Similarly, while landowners are permitted to protect their land from flooding, they are not permitted to impede the watercourse itself. If obstructions are placed in a river and this leads to flooding, the party responsible for obstructing the watercourse will be liable.

Culverts may be constructed in order to drain water from land, or to channel an existing water course. Building culverts to drain water already on your land to that of a neighbour will render you liable for any damage caused.

“The local authority must consult the Environment Agency about the flooding risks of a proposed development, but it can ignore its advice when granting planning permission.

Simon Elllis

If a landowner constructs a culvert along a river or stream, they are responsible for ensuring the culvert is maintained and capable of conveying the flow, even in times of high rainfall. Where the culvert becomes blocked, or where the volume of water increases, such that the culvert can no longer cope, the landowner will still be responsible for any flooding caused.

What if the landowner did not know (and could not reasonably have been expected to know) of the existence of the culvert? This may occur where land is sold by the party that constructed the culvert. The courts have said this does not provide a defence to a claim for subsequent flooding. The purchasing party adopts the culvert and all liability arising from it.

Striking an acceptable balance between the need to build new housing, particularly in the South East and the need to minimise the risks of those properties being flooded has proved difficult. Some development on floodplains is inevitable; there are large areas of the UK where housing was built on floodplains many years (even centuries) ago and where flooding has not been a major problem. However, as more and more development takes place on floodplains it is equally inevitable that the number of properties affected by flooding will increase.
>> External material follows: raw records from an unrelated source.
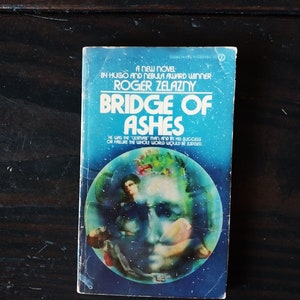 May include: A blue and white paperback book cover with the title "Bridge of Ashes" by Roger Zelazny. The cover features a colorful illustration of a face surrounded by a blue sphere.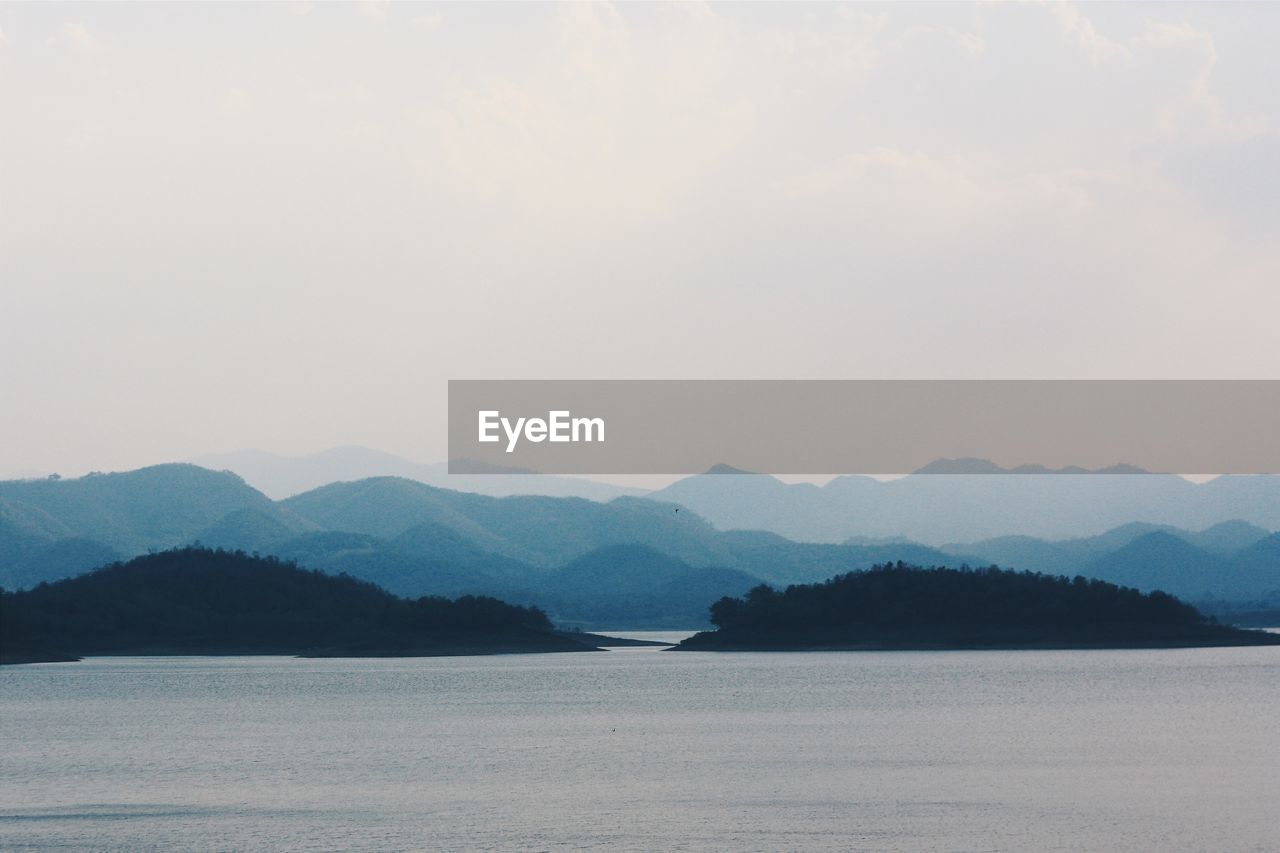 SCENIC VIEW OF LAKE BY MOUNTAIN AGAINST SKY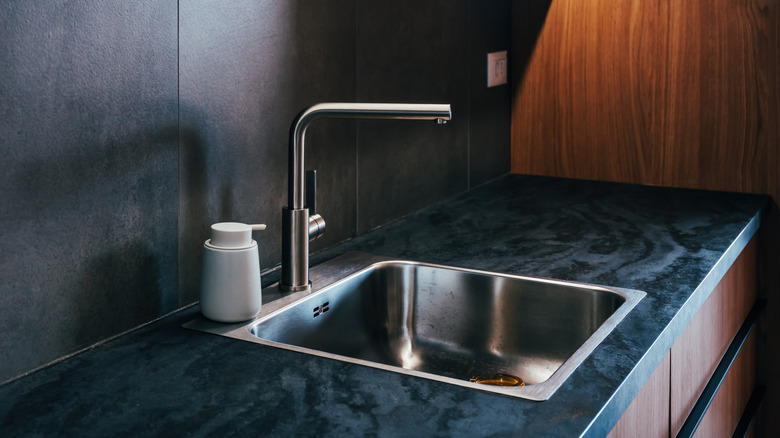Water faucet and topmount sink in sleek dark and wood kitchen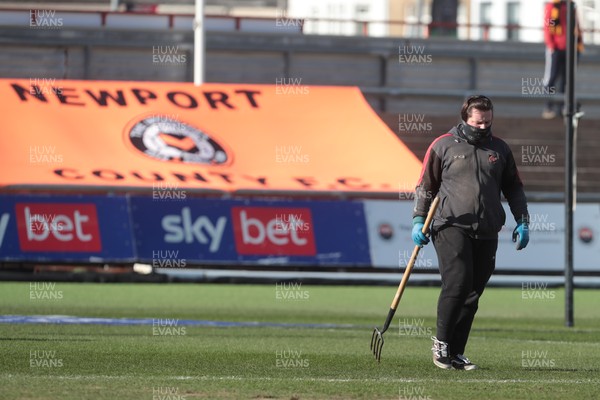 270221 - Newport County v Stevenage - Sky Bet League 2 - Ground staff at Rodney Parade tend to the pitch before kick off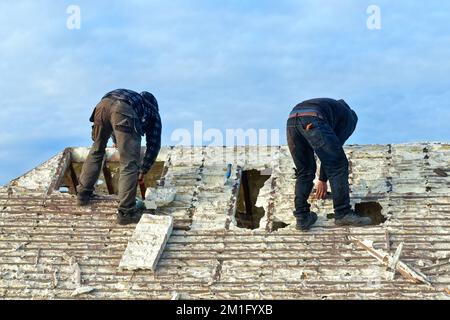 Costruttori che rimuovono l'isolamento in schiuma spray indurita dallo spazio sul tetto di una casa privata suburbana, Shepperton Surrey Inghilterra UK Foto Stock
Can a developer build on a floodplain with impunity? Developers must obtain planning permission from the local authority for a development. The local authority, in turn, must consult the Environment Agency about the flooding risks associated with the proposed development. However, the local authority can ignore the advice of the agency when granting planning permission. While the Secretary of State can call in the application and overrule the decision of the local authority, this is uncommon.

Providing the relevant consultations have taken place, it will be difficult to bring an action for recovery against the developer on the basis that the development should never have taken place.
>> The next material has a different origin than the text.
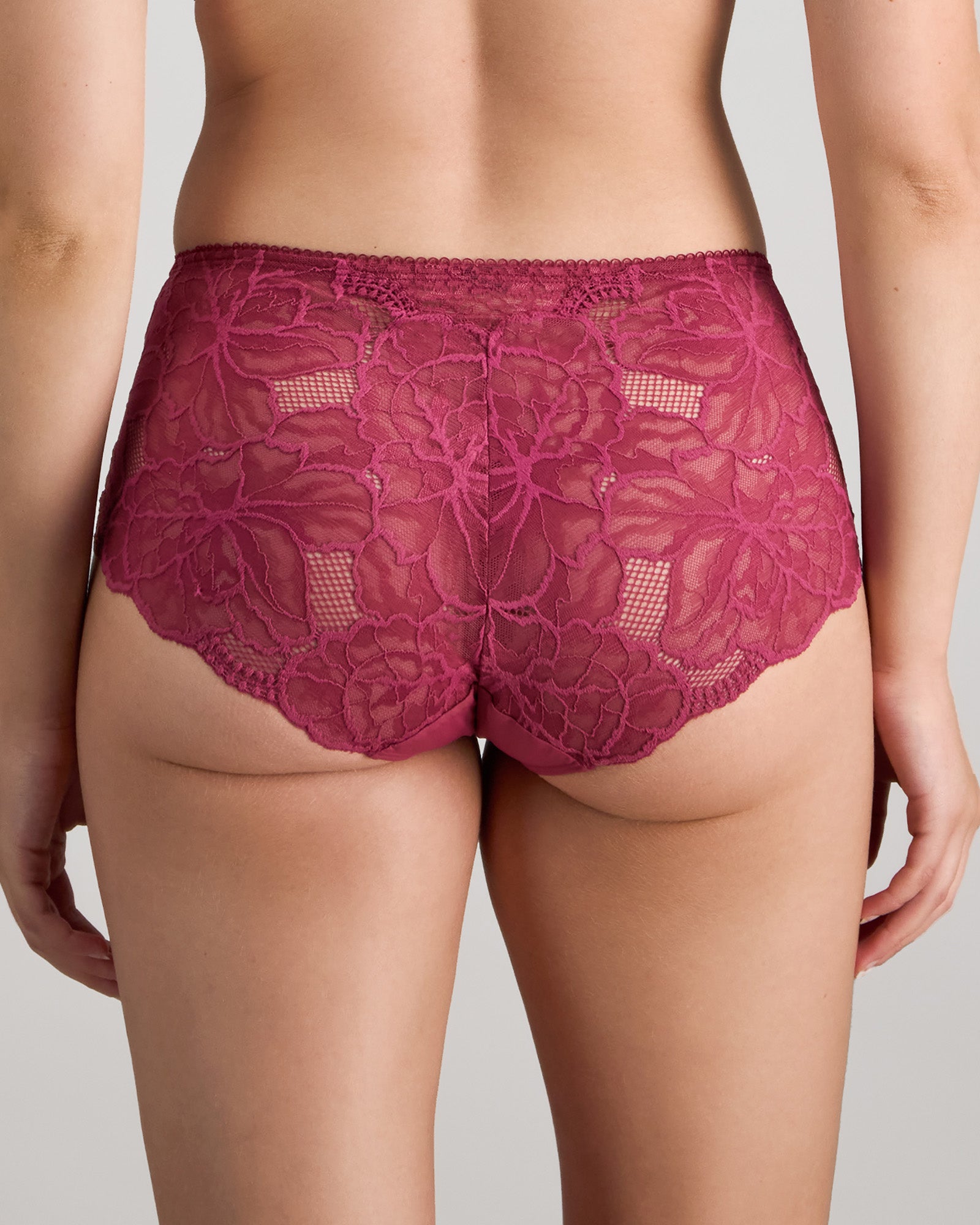 Model wears Midnight Express Full Brief in BEAUJOLAIS. On body back view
The days where insurers paid out on a major flood without questioning the causes of that flood are long gone. However, the industry has still been slow to fully investigate the prospects for recovery after flooding events. With flooding becoming a common feature of the British weather and an ever more thorny problem for the industry, this approach cannot be sustained. The insurers that actively investigate and pursue recoveries will be best placed to weather this particular storm.

Simon Ellis is a senior associate at Hugh James Solicitors.